Pero se equivoca quien cree que es un hombre el gendarme. No es Páez el gendarme ni era José Tadeo Monagas contra Páez el gendarme ­–como no lo eran Guzmán, ni Crespo ni Cipriano Castro ni Gómez, en sus tiempos respectivos–.

El Gendarme es el cuerpo armado. El Ejército Libertador de inicios de la República o el Ejército formado a posteriori a conveniencia. Los hombres de armas que la sociedad reconozca como legítimo Gendarme.

Lo fueron el ejército federalista de Guzmán, que ganó la Guerra Federal, y el Ejército Nacional creado por Gómez, que acabó con todos los caudillos regionales que quedaban en Venezuela, unificando el mando y el país. Paz, Unión y Trabajo fue el lema.

¿Qué logró Chávez? Lo mismo que lograron sátrapas del pasado: confundir en el imaginario popular su figura con la del Gendarme. El Gendarme es un cuerpo colectivo, no un individuo.

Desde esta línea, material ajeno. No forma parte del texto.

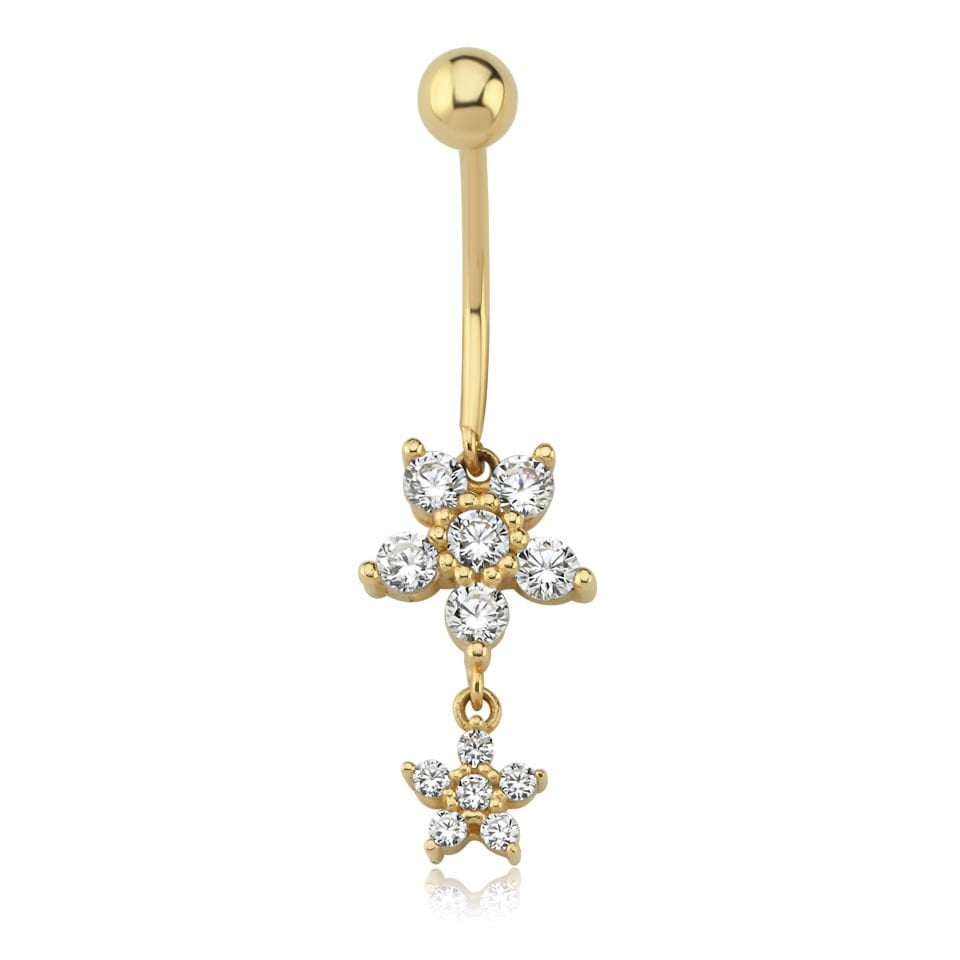 Sallantılı Çiçek Göbek Piercing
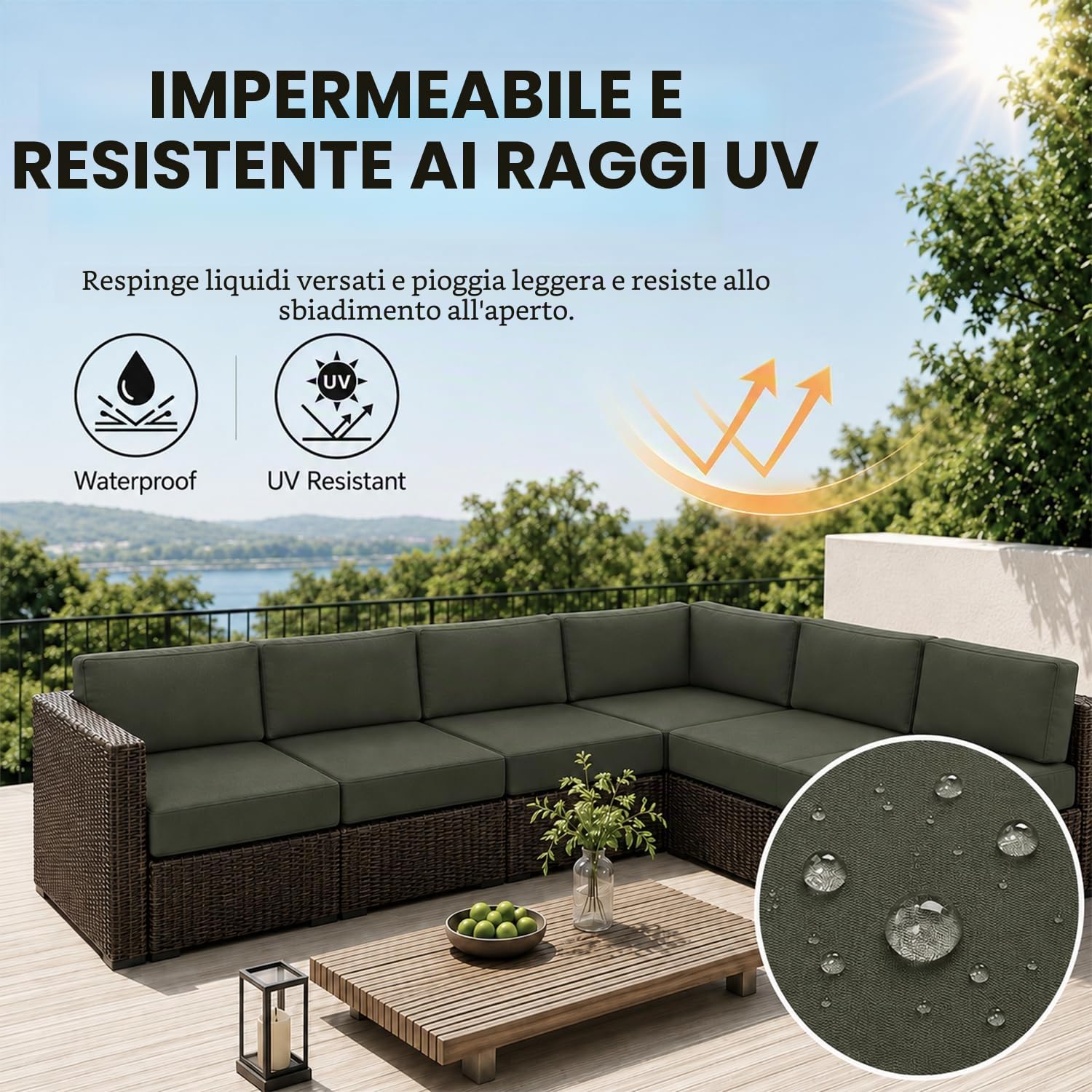 Hiseng Copriseduta Divano Impermeabile da Esterno 2 pezzi Fodera per Cuscini del Divano da Giardino con Cerniera, Coprisedile Sostitutivi Universale per Divano e Sedile (60x55x10cm,Matcha)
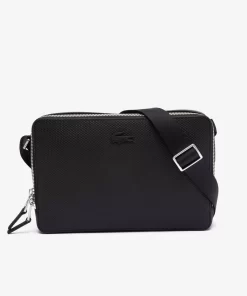 Lacoste Vertical Bags-Unisex Chantaco Matte Stitched Leather Zippered Crossbody Bag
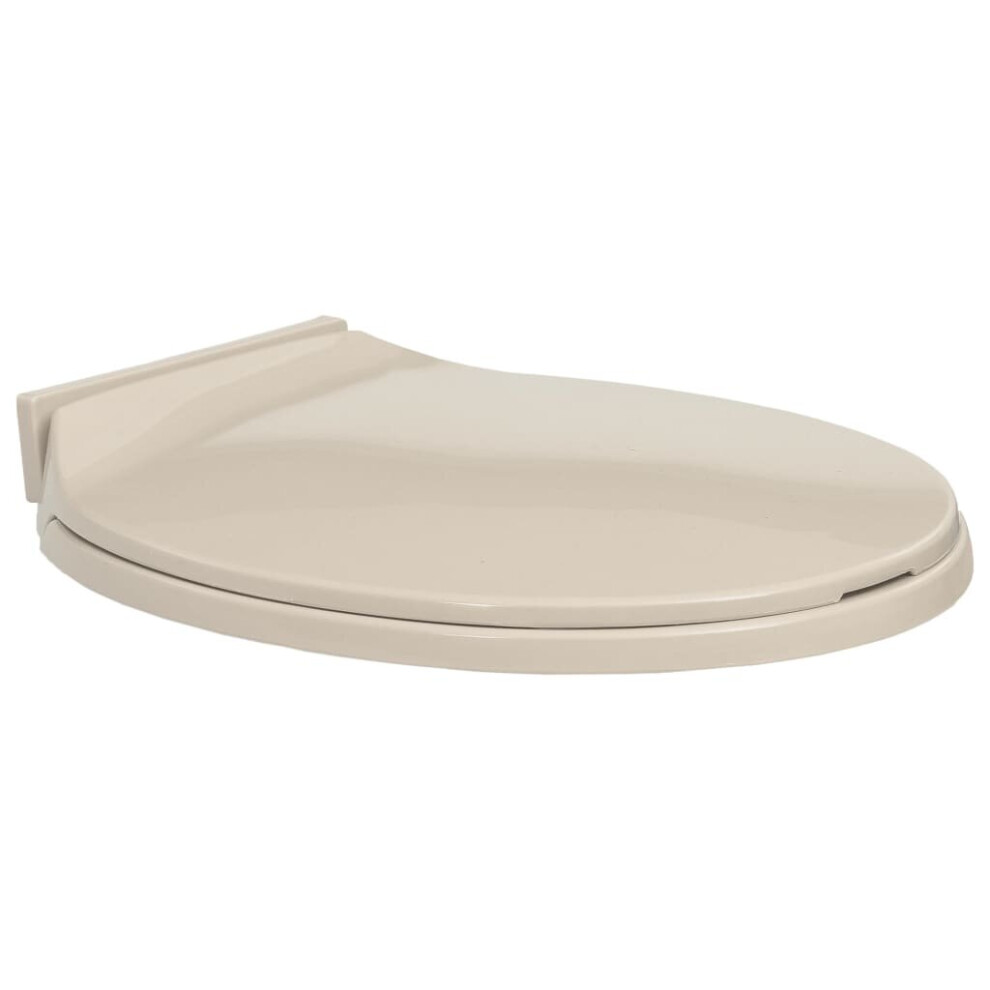 vidaXL Soft-Close Toilet Seat Apricot Oval Plastic Toilet Seat Bathroom Seat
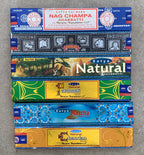 Satya Natural - Set of 6 - Nag Champa , Natural, Astha, Chandan, Super hit and Patchouli 15 Grams - DharmaObjects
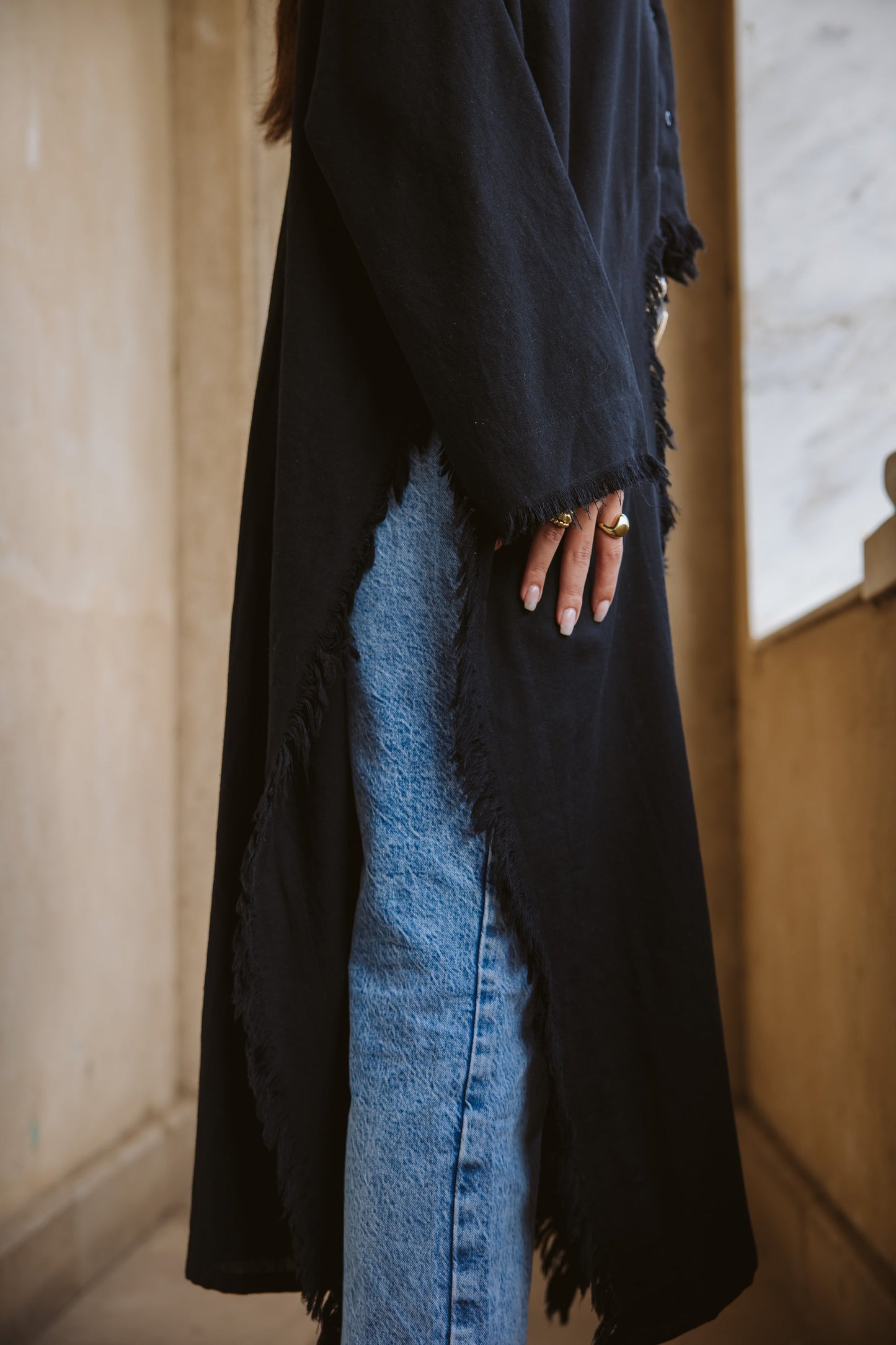 Whisper Fringe Cape Black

Esa tesis del neofascista argentino Ceresole del Caudillo-Ejército-Pueblo, es una negación antihistórica de la Nación que es Venezuela, donde la sociedad no confía en un hombre al mando sino en un cuerpo armado comandado, provisoriamente, por mandatarios eventuales, en horas de crisis.

Chávez no fue ese mandatario eventual, sino un simple continuador de la figura del mandatario electo, luego negado a apartarse a través de reelecciones eternas y convertido en espanto putrefacto en la silla presidencial.

La Nación sigue estando ahí ¿y a quien llama para detener a la organización criminal que la secuestra? Al Gendarme. Le pide a la Fuerza Armada que se ponga del lado de la sociedad, que desconozca al régimen, que cruce el Rubicón.

Grupos significativos lo han hecho, sin éxito. Hasta el momento, más de seis mil militares venezolanos se encuentran exiliados por el chavismo y más de tres centenares permanecen en los calabozos del régimen, acusados de rebelión.

¿Dónde está el Gendarme? No está ya en esa Fuerza Armada Nacional, que se convirtió en parte del régimen criminal y en depositario o escudo protector del estamento chavista y su poder.

La sociedad venezolana hoy, como en 1830 o 1864, con el mismo ímpetu de 1899 o 1908, exige al Gendarme que aparezca y nada que lo hace.

Pero el requerimiento está ahí. Siendo así, solo queda establecer lo obvio: un liderazgo político genuinamente opositor está llamado a organizar un nuevo cuerpo armado al servicio de la sociedad venezolana. Será ese cuerpo armado quien actuará en función de los requerimientos de esa sociedad.

Porque el poder en Venezuela lo ejercen las armas y el proceso chavista –armado desde el principio– no podrá ser desmontado sin la intervención armada que debe encabezar el Gendarme que la sociedad decidió como árbitro de sus controversias políticas.

No es triste la verdad,  lo que no tiene es remedio. Pero dicho todo esto, queda la pregunta: ¿dónde esta la clase política que hará lo propio por responder el anhelo de la sociedad venezolana, hoy?